Sometimes, the analysis of a particular junction can cause an effect to propagate for a considerable distance. Paths propagate through the drawing until activity dies at junctions where no new changes are forced.
By the time the last junction is considered, the overall arrangement typically forces a single interpretation for the entire line drawing. After determining basic facts about the lines, other specialist programs attempt to find the identity, location, and dimensions of each object. Once an object is found to be a brick, the dimension programs must find three un-obscured edges along each of the brick's axes.
This set of three lines is called the skeleton. But sometimes, a brick may be severely obscured. This arch presents a difficult problem, because such a small portion of the left post is in view. The identification specialist decides that the object is a brick. But the dimension specialist cannot find three complete orthogonal lines for a skeleton.
Programs by Timothy Finin are used in this situation. They determine the missing information by first using context to form a reasonable hypothesis, and then using a checklist to confirm the hypothesis. The robot's internal deliberation shows that the checklist is needed, because there may be a clear contradiction to the proposed hypothesis. Here the hypothesis is that the dimensions of the two posts are identical.
Looking behind the scene explains why the hypothesis failed. In scene analysis, the programs work towards abstract descriptions. In design, the process is reversed. Programs by Rich Boberg accept general facts from a user and envision a scene compatible with those facts.
Envisioning structures is a kind of automatic design. Copying structures with the hand is a kind of automatic assembly. Here, the robot prepares to copy a structure consisting of one cube and several assorted bricks.
Using programs described earlier, the robot finds the lines, regions, and skeletons of the objects, and then joins the regions marked R1, R2, and so forth into bodies like B1 and B2. Once the robot finds all the objects, it knows the dimensions and locations.
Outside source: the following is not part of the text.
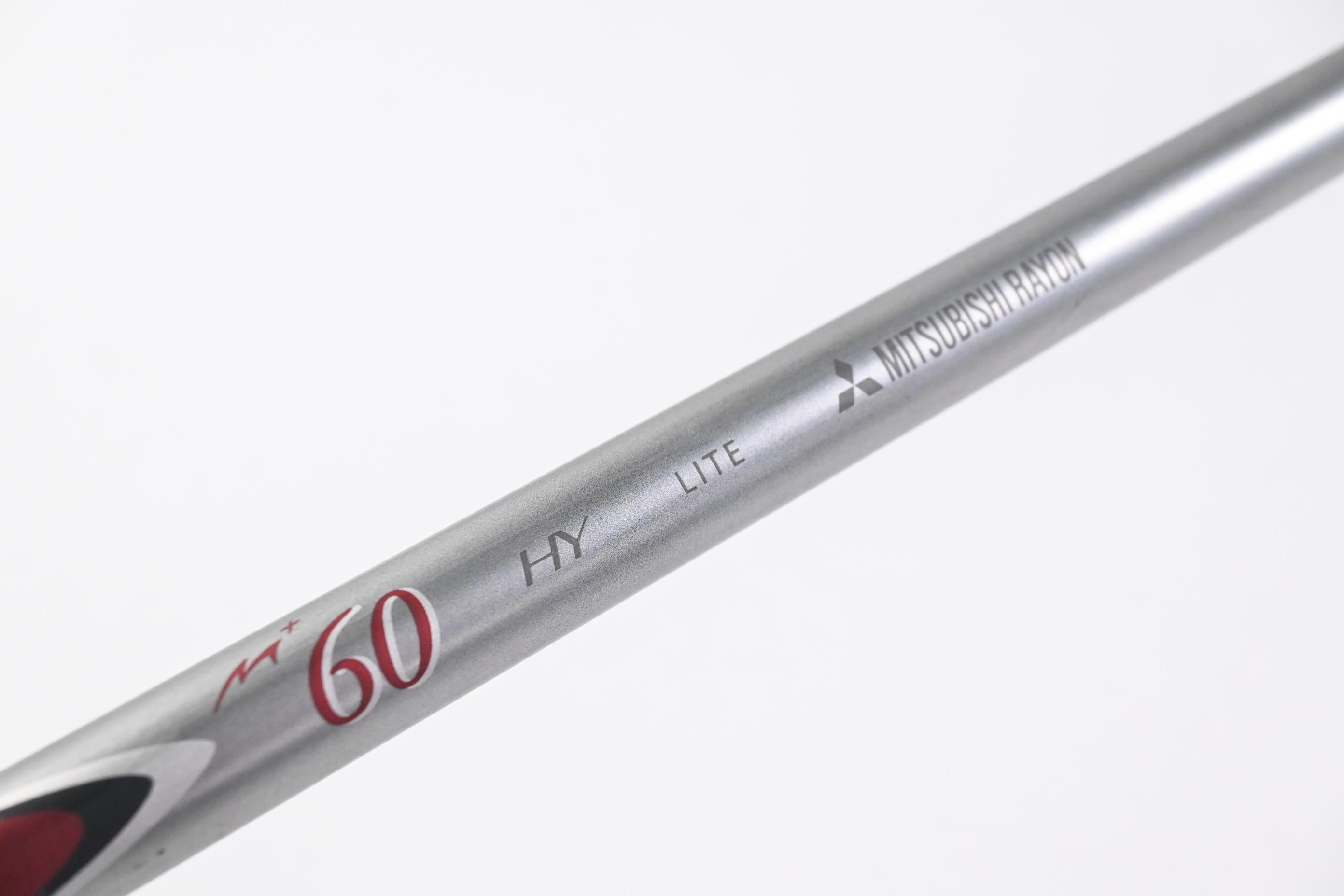 Diamana M+ Red 60 #6 Hybrid Shaft / Senior Flex / Titleist 2nd Gen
Other robot programs know facts about building structures-- for example, that the bottom blocks must always be placed first. These programs generate a complete building plan for the structure to be copied. Once a plan is formed, the robot's arm assembles a copy using spare parts from a warehouse area.
If the arm misplaces an object, the error is detected by inspection programs, which compare the copied scene to the original model.
A small wrist motion moves the object to a better position. New arms under development are more skillful because of better design and improved force sensors. An arm built by David Silver can position objects with high accuracy. Force feedback allows the arm to turn a crank.
To build complicated structures, the robot must use sophisticated planning. A new program by Scott Fahlman knows how to build a balanced structure using a stable substructure, a scaffold, or a temporary counterweight. New studies are also underway to investigate the use of continuous visual feedback.
You've seen only a sampling of the work we have done. But we hope this film has given you some feeling for how these difficult problems can be approached.